| Short text fragments from websites |
+++
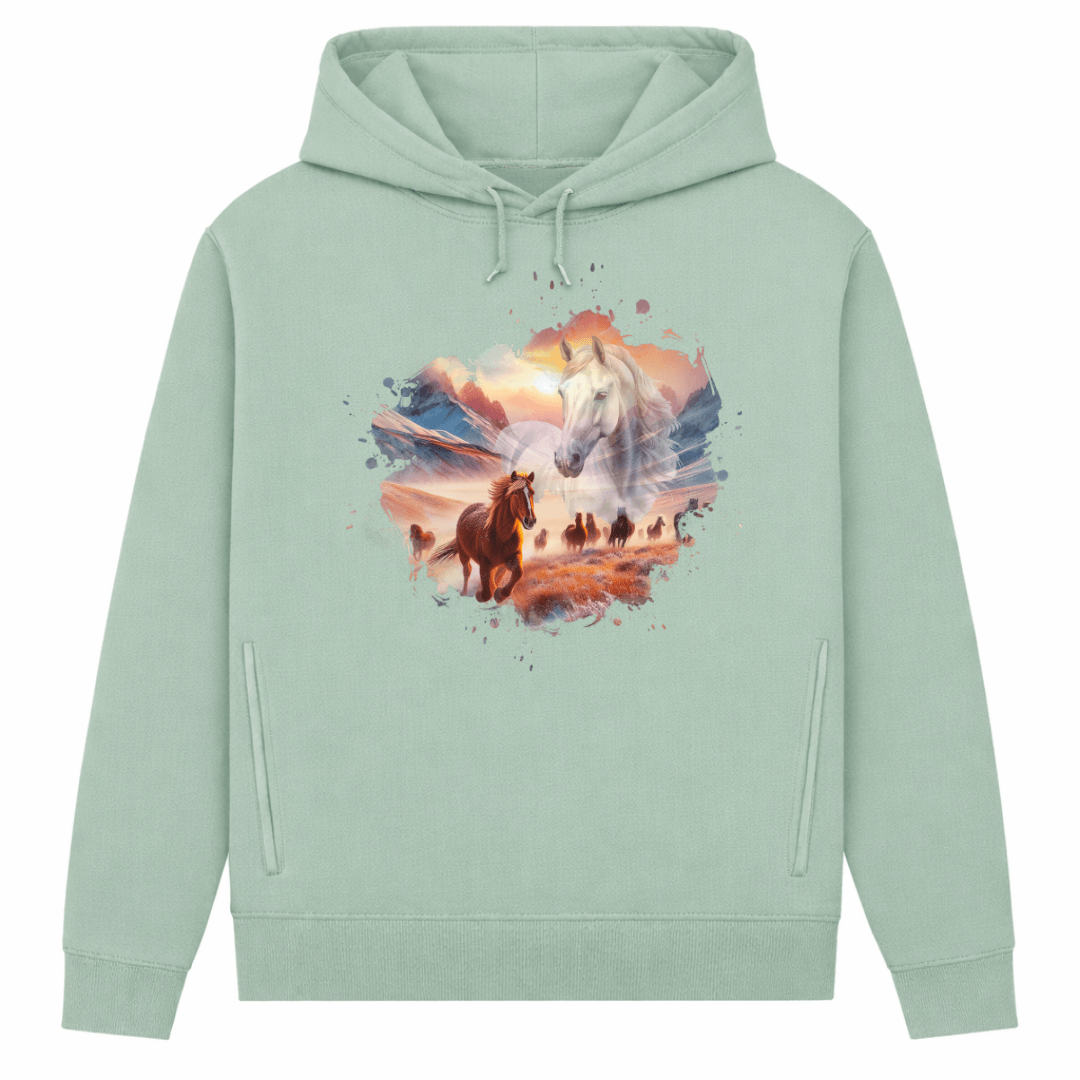 Liebe zu Pferden - Hoodie aus Bio-Baumwolle für Damen
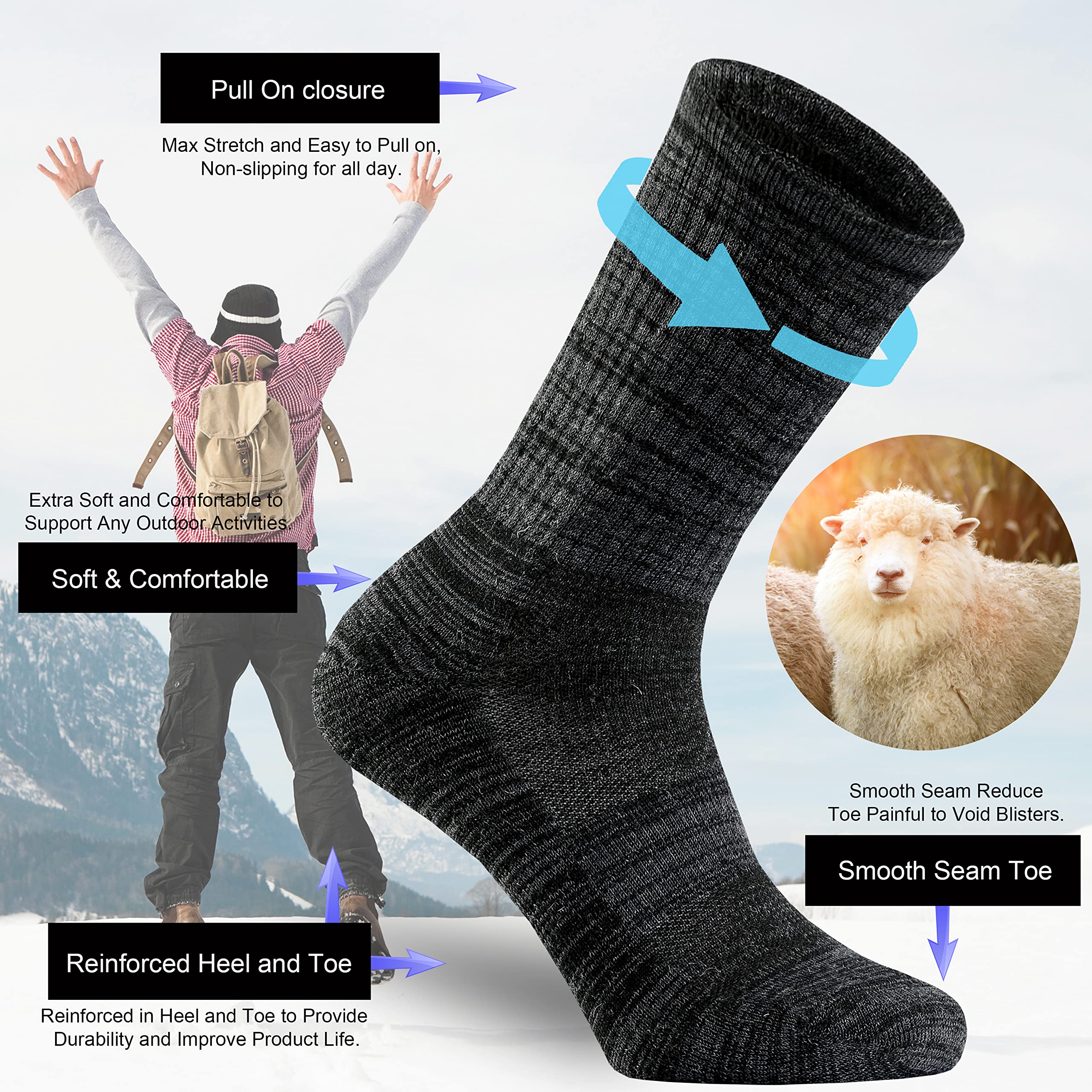 Ortis Men's Extra-Fine Merino Wool Cushioned Crew Socks with Light Weight Moisture Control Comfy for Men Outdoor Hiking Hiker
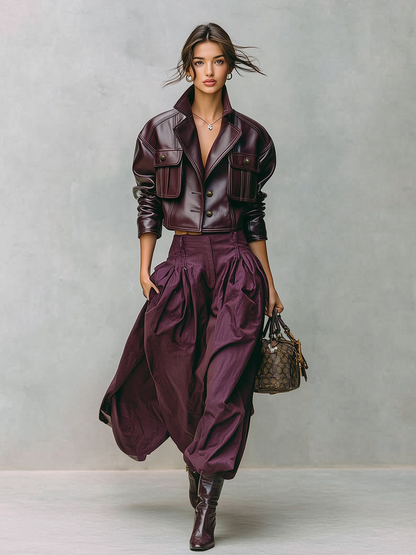 Women's Loose PU Leather Short Double Chest Pocket Jacket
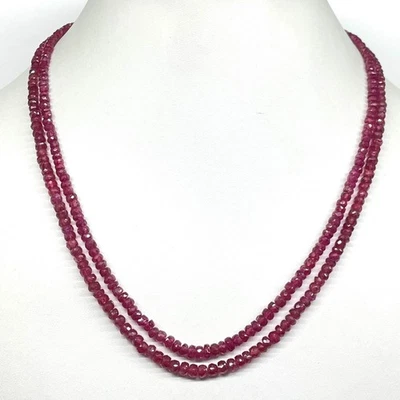 2 Strand Natural Ruby Necklace 2.6-4.7mm Faceted Beads With 925 Silver Clasp - Image 1 of 4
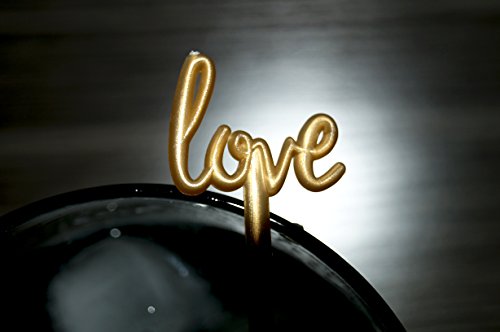 Royer 4.5 Inch Plastic Love Script Wedding Cocktail Picks, Set of 48, Gold - Made In USA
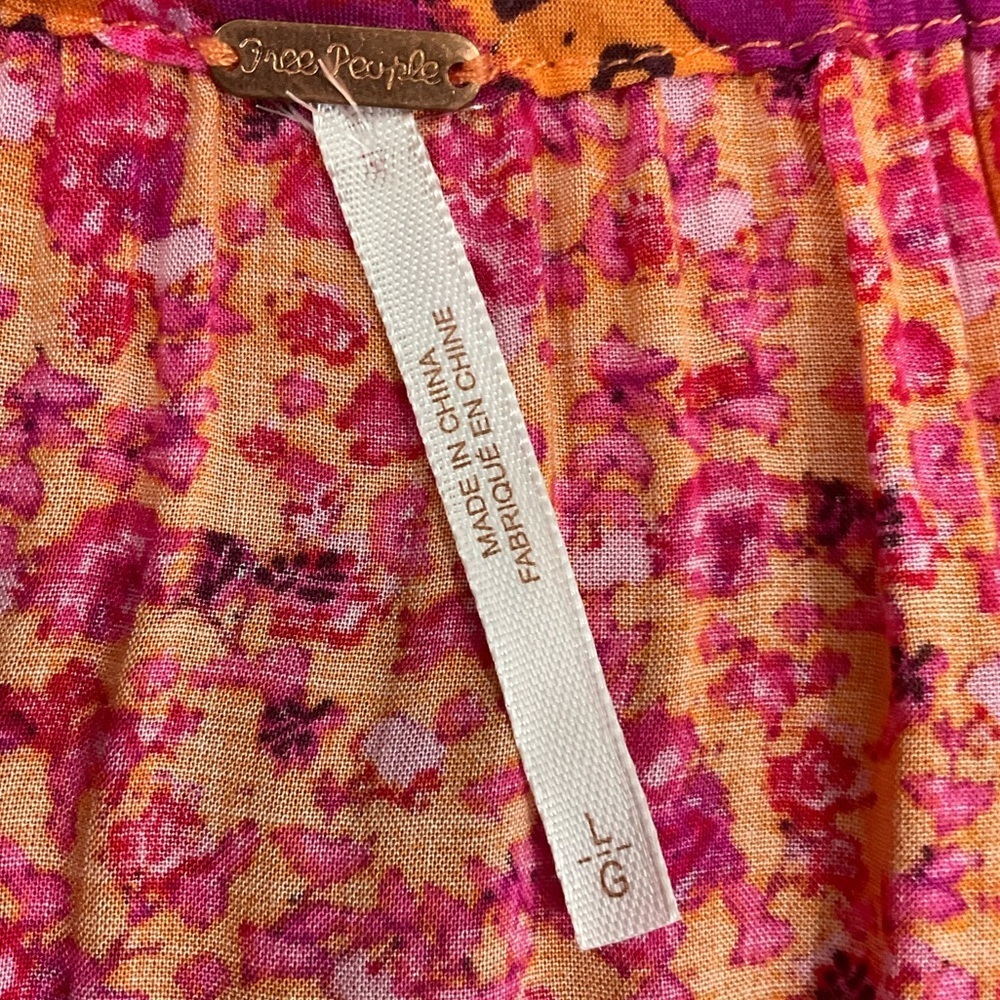 Free People Happy Feelings Maxi Dress Pink Orange Boho Floral Size size Large - Picture 13 of 15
+++
| TASK |
Return the lines exactly as they stand, from the start of the entries through the line holding "Women's Loose PU"; omit the pictures.

| RESULT OF THE TASK |
 Liebe zu Pferden - Hoodie aus Bio-Baumwolle für Damen
 Ortis Men's Extra-Fine Merino Wool Cushioned Crew Socks with Light Weight Moisture Control Comfy for Men Outdoor Hiking Hiker
 Women's Loose PU Leather Short Double Chest Pocket Jacket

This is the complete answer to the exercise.